Palestrina’s first published compositions—a book of Masses—made such a favorable impression on Pope Julius III that in 1551, he appointed Palestrina as “Maestro di Cappella” of the Cappella Giulia. During the following decade Palestrina held many positions quite similar to his position at the Julian Chapel at other chapels and churches in Rome, most prominently the Saint John Lateran (a position previously held by Orlando di Lasso) and St. Mary Major. In 1571, Palestrina returned to the Julian Chapel and remained there for the rest of his life.

The decade of the 1570s was very difficult and burdensome for Palestrina as he lost his brother, two of his sons, and his wife due to outbreaks of the plague. During this time, Palestrina even considered becoming a Priest but he remarried to a wealthy widow. As a result of this marriage, Palestrina became financially independent which allowed him to later compose prolifically and magnificently until his death.

Palestrina left hundreds of compositions including 105 masses, 68 offertories, about 140 madrigals, over 300 motets, 72 hymns, 35 magnificats, 11 litanies, and four or five sets of lamentations. The “Gloria” melody from one of Palestrina’s magnificat is still universally used in the resurrection hymn tune, “Victory” The Strife is O’er. Palestrina’s masses show how his compositional style refined over time. His “Missa Sine Nomine” seems to have been exceptionally enticing to Johann Sebastian Bach who studied and performed it whilst writing his now famous Mass in B minor.

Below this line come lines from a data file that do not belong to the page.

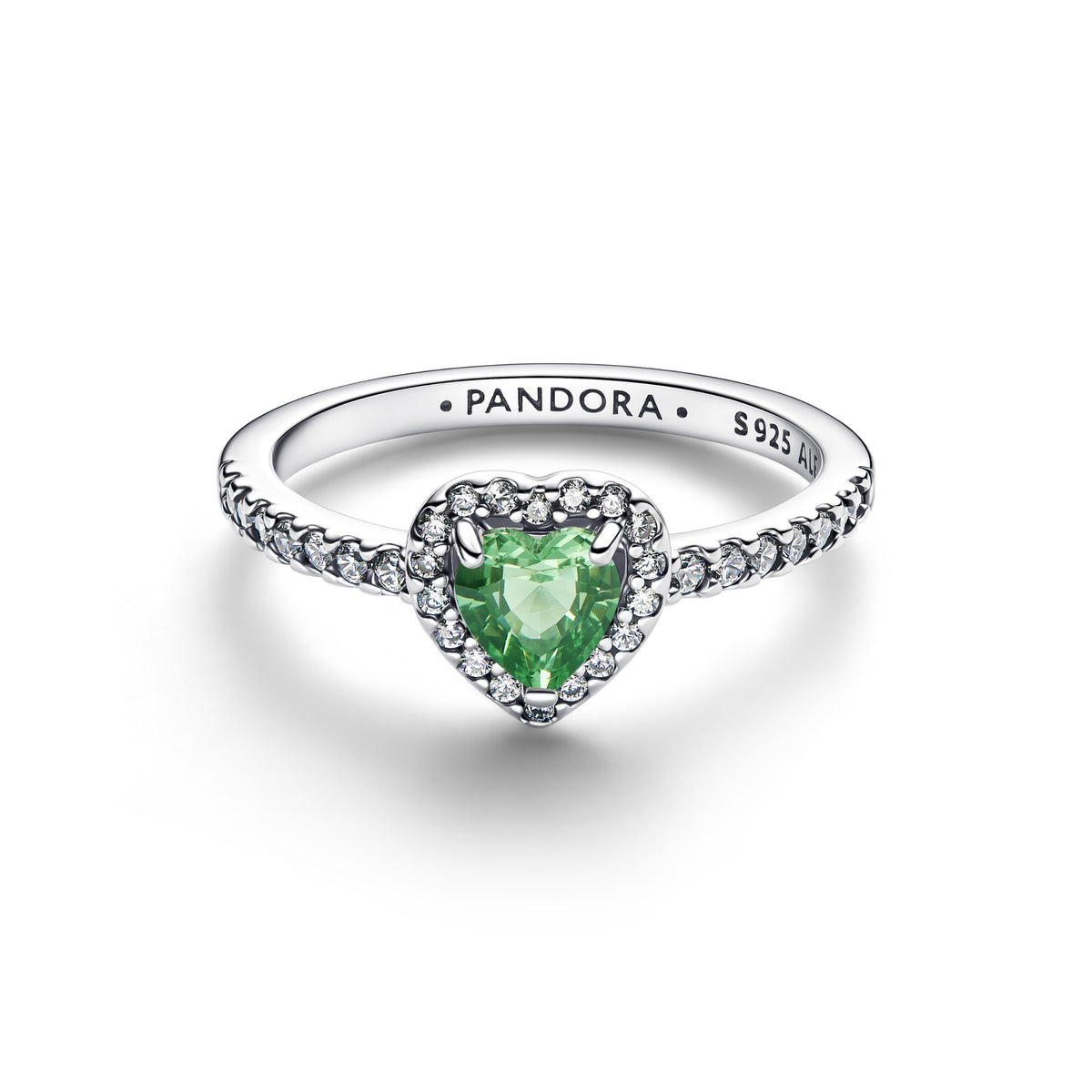 Pandora Verhoogd Mintgroen Hartring zilver 198421C08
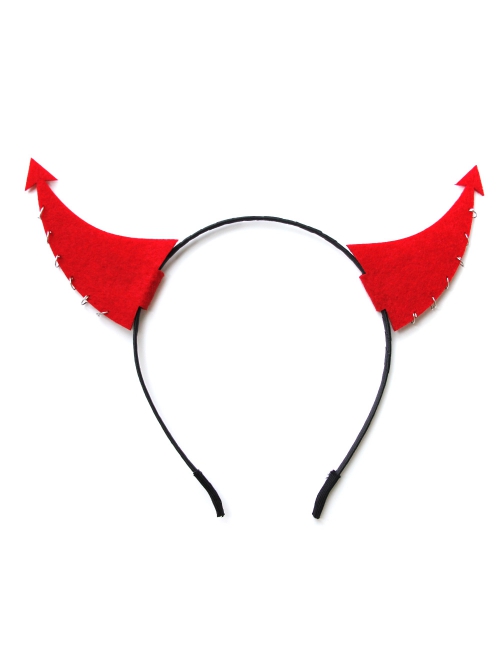 Fashion Retro Halloween Red Devil Horns Holiday Party Christmas Female Headband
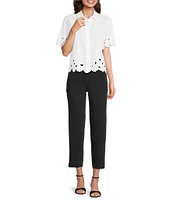 KARL LAGERFELD PARIS Embroidered Cutout Floral Camp Shirt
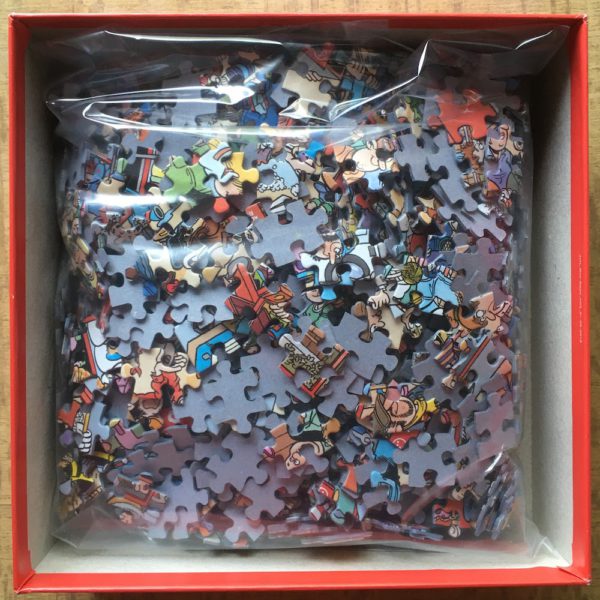 Image of the puzzle 950, Jumbo, Kruidvat Voordeel Pakken, by Jan van Haasteren, Complete, Picture of the bag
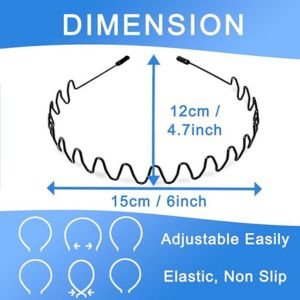 Hair Bands 2 Pcs Metal Headbands – Men & Women Hair Band, Fashion Headband for Sports, Unisex Hair Hoop with Elastic Non-Slip Wavy Teeth, Black (Pack of 2). - Flymaster Shop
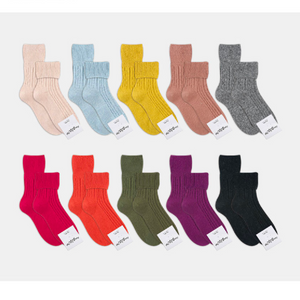 Super Warm Cozy Twist Lamb Wool Blend Basic Color Socks - MoSocks
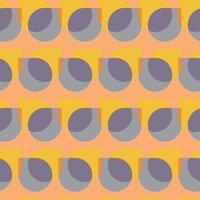Vector Retro Water Drop Overlapping Pattern, Gray and Yellow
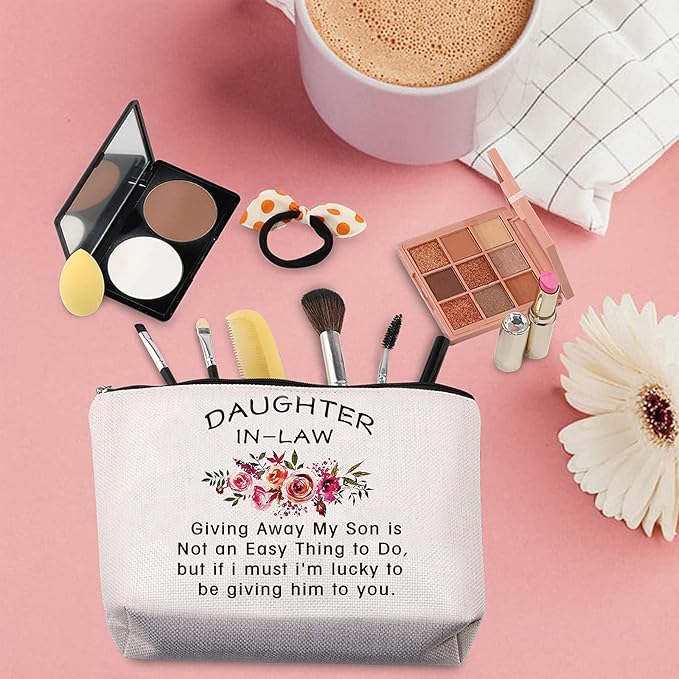 TSOTMO Daughter in Law Gift Wedding Gift Cosmetic Bag Bride Bridal Gift Giving Away My Son is Not an Easy Thing to Do,but if i must i'm lucky to be giving him to you Makeup Bag (My Son)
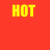 Red background with yellow text "HOT" repeated in a pattern, some instances of the text appear faded or blurred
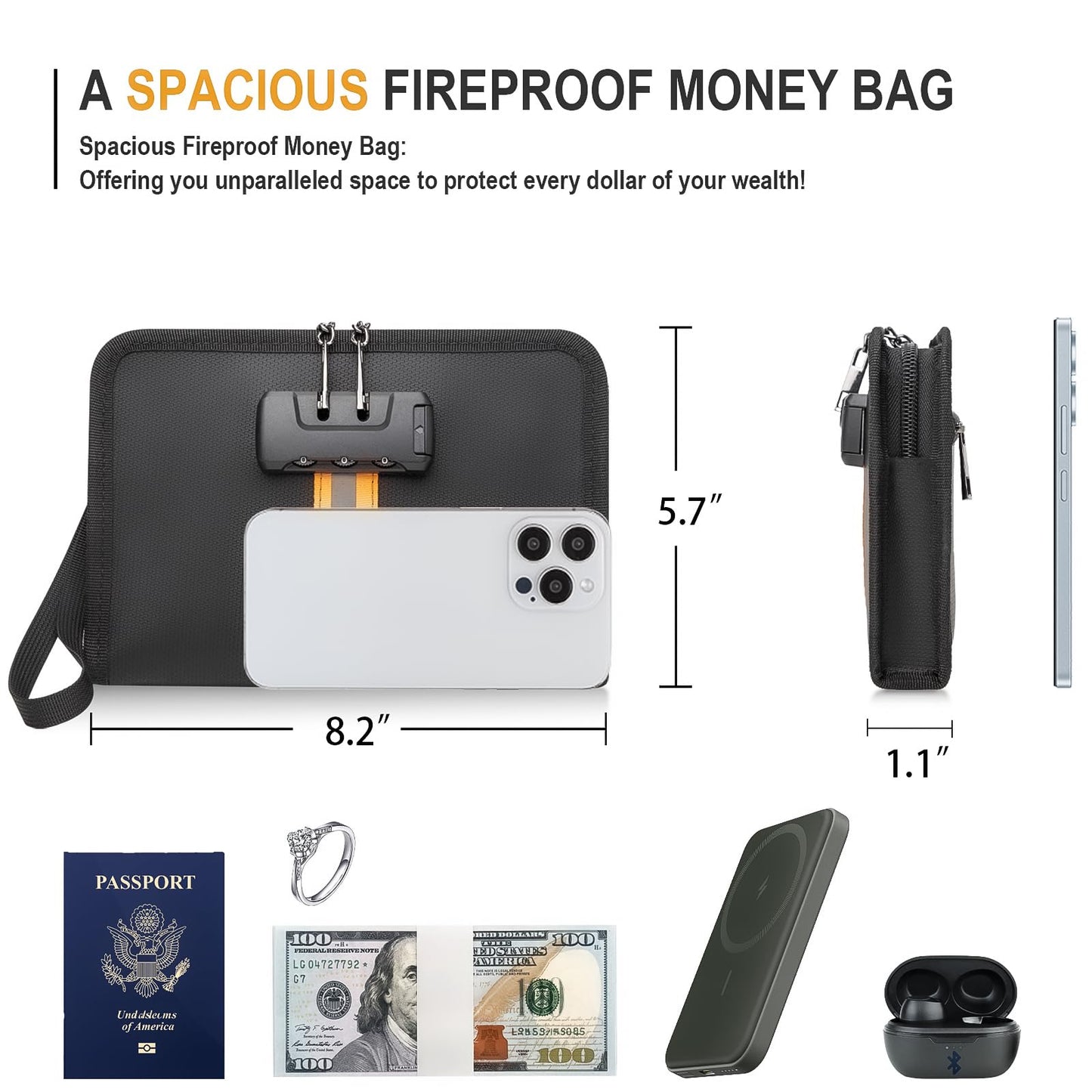 Fireproof Money Bag,Money Bag with Lock and Zipper,Safe Fireproof Waterproof,Suitable for Cash, Mobile Phones, Keys, Credit Cards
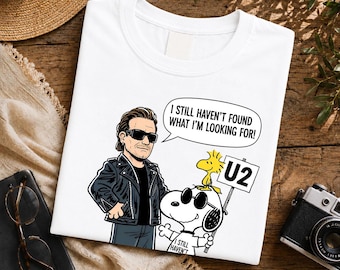 Vintage Bono Snoopy U2 Graphic T-Shirt, Retro Wanderlust Tee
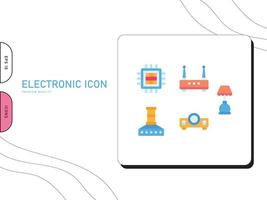 ícone de eletrônica definido vetor livre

Most of Palestrina’s masses appeared in thirteen volumes all printed between 1554 and 1601—the last seven however, published after his death. One of the trademarks of Palestrina’s music is that dissonances are typically consigned to the “weak” beats in a measure allowing for a smoother and more consonant type of polyphony which is now considered to be definitive of Late Renaissance music, giving Palestrina his position as Europe’s leading composer along with Orlando di Lasso in the wake of Josquin des Prez.

Palestrina died in Rome of pleurisy in 1594. Palestrina was buried on the same day he died, in a plain coffin with a lead plate on which was inscribed Libera me Domine. A five-part psalm for three choirs was sung at the funeral. Palestrina’s funeral was held at St. Peter’s, and he was buried beneath the floor of the Basilica.

To this day , the “Palestrina Style” serves as a basis for college Renaissance counterpoint classes, mostly thanks to definitive effort of the 18th century composer and theorist, Johann Joseph Fux, who created a book known as “Gradus ad Parnassum” set about cataloging and classifying Palestrina’s style and techniques as instructional tools for students of composition.